K3s is a fully CNCF (Cloud Native Computing Foundation) certified, compliant Kubernetes distribution by SUSE (formally Rancher Labs) that is easy to use and focused on lightness.

To achieve that it is designed to be a single binary of about 45MB that completely implements the Kubernetes APIs. To ensure lightness they removed a lot of extra drivers that are not strictly part of the core, but still easily replaceable with external add-ons.

So Why choose K3s instead of full K8s?

Being a single binary it’s easy to install and bring up and it internally manages a lot of pain points of K8s like:

  • Internally managed Etcd cluster
  • Internally managed TLS communications
  • Internally managed certificate rotation and distribution
  • Integrated storage provider (localpath-provisioner)
  • Low dependency on base operating system

So K3s doesn’t even need a lot of stuff on the base host, just a recent kernel and `cgroups`.
All of the other utilities are packaged internally like:

This leads to really low system requirements, just 512MB RAM is asked for a worker node.

K3s How it Works

Image Source: https://k3s.io/

K3s is a fully encapsulated binary that will run all the components in the same process.

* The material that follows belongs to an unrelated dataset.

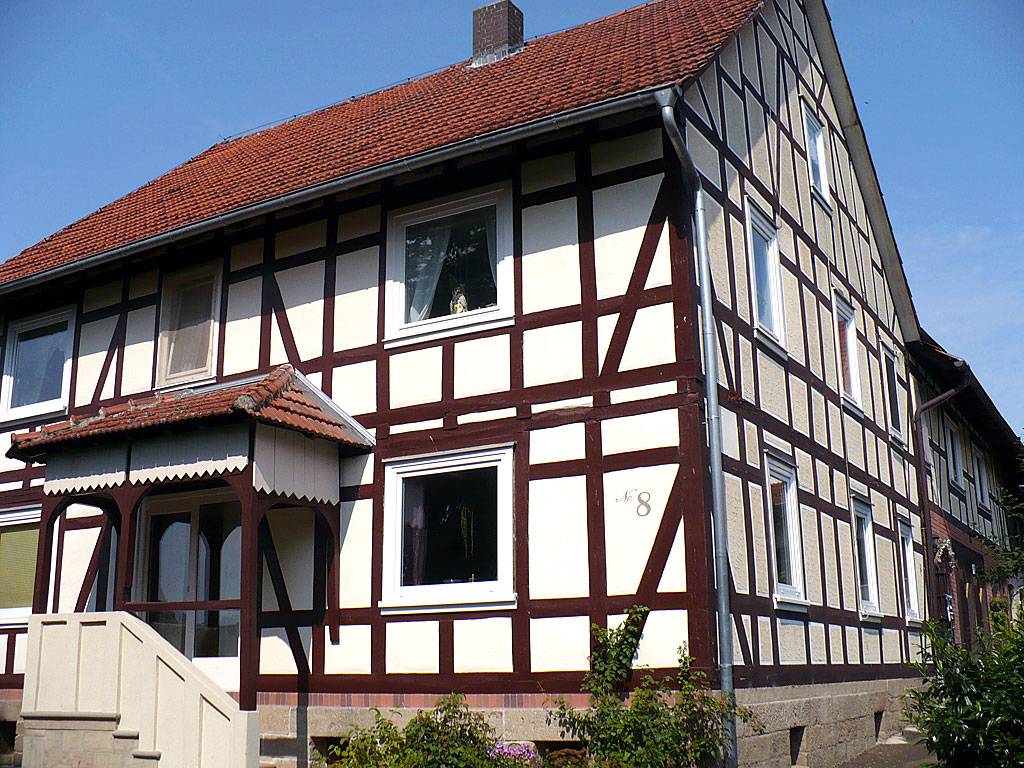 Немецкая технология: каркасные дома в стиле фахверк: фасад и отделка (15 фото) - decorwind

One of the key differences from full kubernetes is that, thanks to KINE, it supports not only Etcd to hold the cluster state, but also SQLite (for single-node, simpler setups) or external DBs like MySQL and PostgreSQL (have a look at this blog or this blog on deploying PostgreSQL for HA and service discovery)

The following setup will be performed on pretty small nodes:

  • 6 Nodes
  • 3 Master nodes
  • 3 Worker nodes
  • 2 Core per node
  • 2 GB RAM per node
  • 50 GB Disk per node
  • CentOS 8.3

What do we need to create a production-ready cluster?

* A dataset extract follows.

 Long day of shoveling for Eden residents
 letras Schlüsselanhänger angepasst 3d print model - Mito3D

We need to have a Highly Available, resilient, load-balanced and Secure cluster to work with. So without further ado, let’s get started with the base underneath, the Nodes. The following 3 part blog series is a detailed walkthrough on how to set up the k3s kubernetes cluster, with some snippets taken from the project’s Github repo: https://github.com/digitalis-io/k3s-on-prem-production

Secure the nodes

Network

First things first, we need to lay out a compelling network layout for the nodes in the cluster. This will be split in two, EXTERNAL and INTERNAL networks.

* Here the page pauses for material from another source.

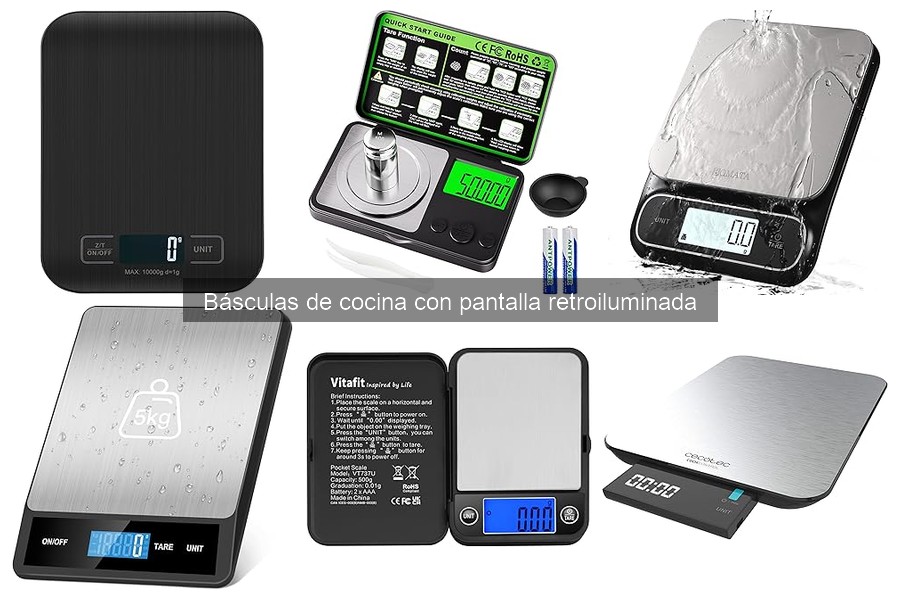 Dónde comprar básculas de cocina con pantalla retroiluminada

  • The INTERNAL network is only accessible from within the cluster, and on top of that the Flannel network (using VxLANs) is built upon.
  • The EXTERNAL network is exclusively for erogation purposes, it will just expose the port 80, 443 and 6443 for K8s APIs (this could even be skipped)
kubernetes network

This ensures that internal cluster-components communication is segregated from the rest of the network.

Firewalld

Another crucial set up is the firewalld one. First thing is to ensure that firewalld uses iptables backend, and not nftables one as this is still incompatible with kubernetes. This done in the Ansible project like this:

    - name: Set firewalld backend to iptables
      replace:
        path: /etc/firewalld/firewalld.conf
        regexp: FirewallBackend=nftables$
        replace: FirewallBackend=iptables
        backup: yes
      register: firewalld_backend

This will require a reboot of the machine.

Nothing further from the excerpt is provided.